Chapter 5 Generalized Linear Models

These notes are primarily from PSU STAT 504 which uses Alan Agresti’s Categorical Data Analysis (Agresti 2013). I also reviewed PSU STAT 501, DataCamp’s Generalized Linar Models in R, DataCamp’s Multiple and Logistic Regression, and **Interpretable machine learning*"** (Molnar 2020).

The linear regression model, \(E(Y|X) = X \beta\), structured as \(y_i = X_i \beta + \epsilon_i\) where \(X_i \beta = \mu_i\), assumes the response is a linear function of the predictors and the residuals are independent random variables normally distributed with mean zero and constant variance, \(\epsilon \sim N \left(0, \sigma^2 \right)\). This implies that given some set of predictors, the response is normally distributed about its expected value, \(y_i \sim N \left(\mu_i, \sigma^2 \right)\). However, there are many situations where this assumption of normality fails. Generalized linear models (GLMs) are a generalization of the linear regression model that addresses non-normal response distributions.

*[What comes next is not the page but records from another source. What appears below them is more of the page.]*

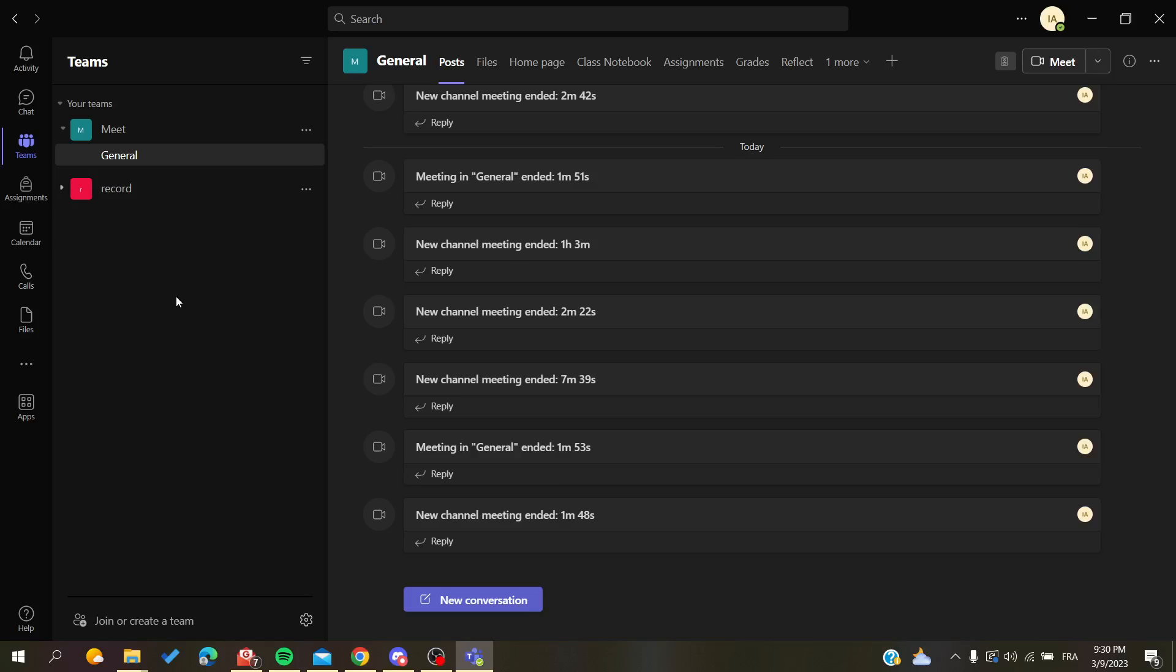Hello guys and welcome to a new brand video. Today I'm going to show you how to change your font size in your messages or writings and conversations in Microsoft Teams.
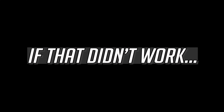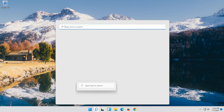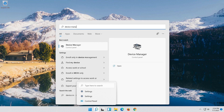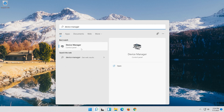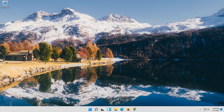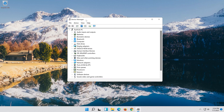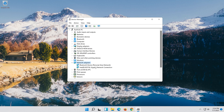If that still didn't work, open Start and type Device Manager. Open your Device Manager, expand Network Adapters, then right-click your Network Adapter and select Properties.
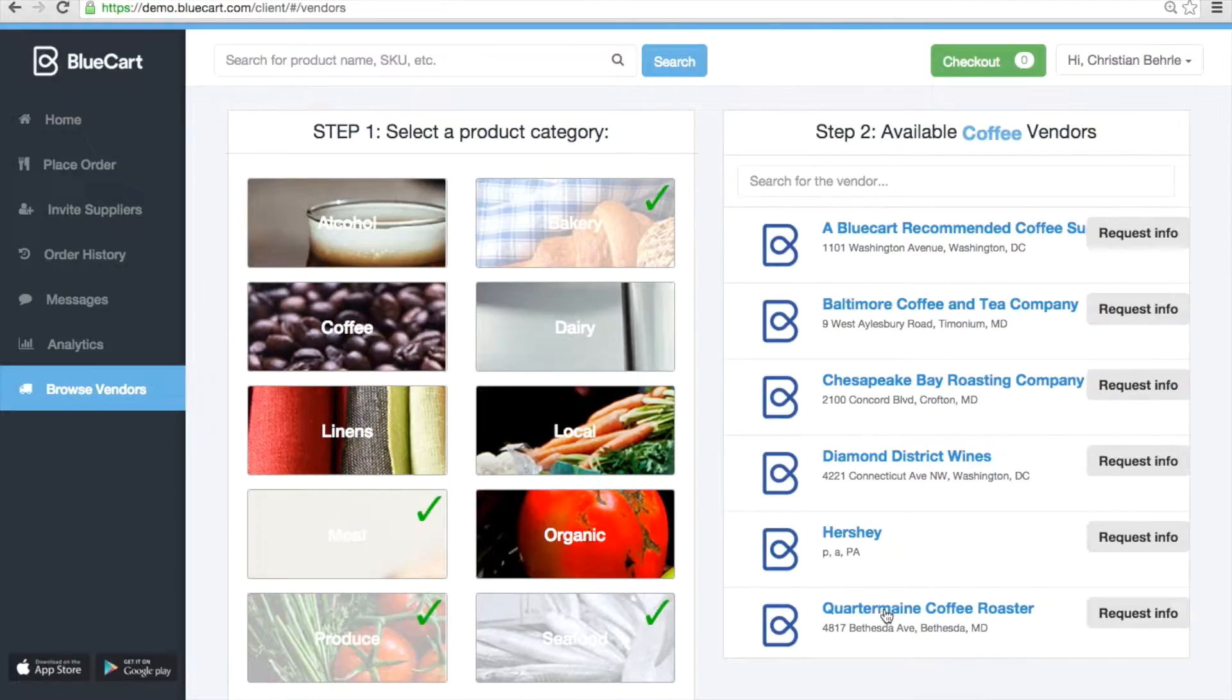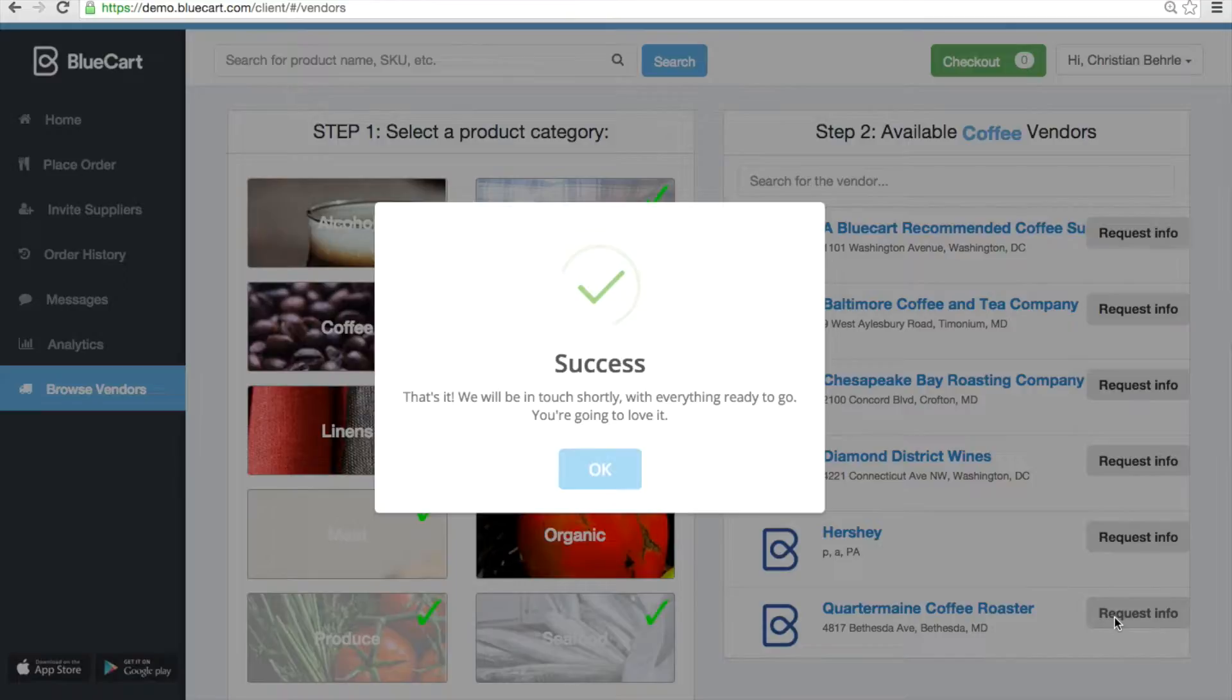If you wanted to learn a little bit more about Quartermain Coffee Roaster, you click Request Info, and a notification will be sent to Quartermain letting them know that you're interested in doing business.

The response given a set of predictors will not have a normal distribution if its underlying data-generating process is binomial or multinomial (proportions), Poisson (counts), or exponential (time-to-event). In these situations a regular linear regression can predict proportions outside [0, 100] or counts or times that are negative. GLMs solve this problem by modeling a function of the expected value of \(y\), \(f(E(Y|X)) = X \beta\). There are three components to a GLM: the random component is the probability distribution of the response variable (normal, binomial, Poisson, etc.); the systematic component is the explanatory variables \(X\beta\); and the link function \(\eta\) specifies the link between random and systematic components, converting the response range to \([-\infty, +\infty]\).

Linear regression is thus a special case of GLM where link function is the identity function, \(f(E(Y|X)) = E(Y|X)\). For a logistic regression, where the data generating process is binomial, the link function is

\[f(E(Y|X)) = \ln \left( \frac{E(Y|X)}{1 - E(Y|X)} \right) = \ln \left( \frac{\pi}{1 - \pi} \right) = logit(\pi)\]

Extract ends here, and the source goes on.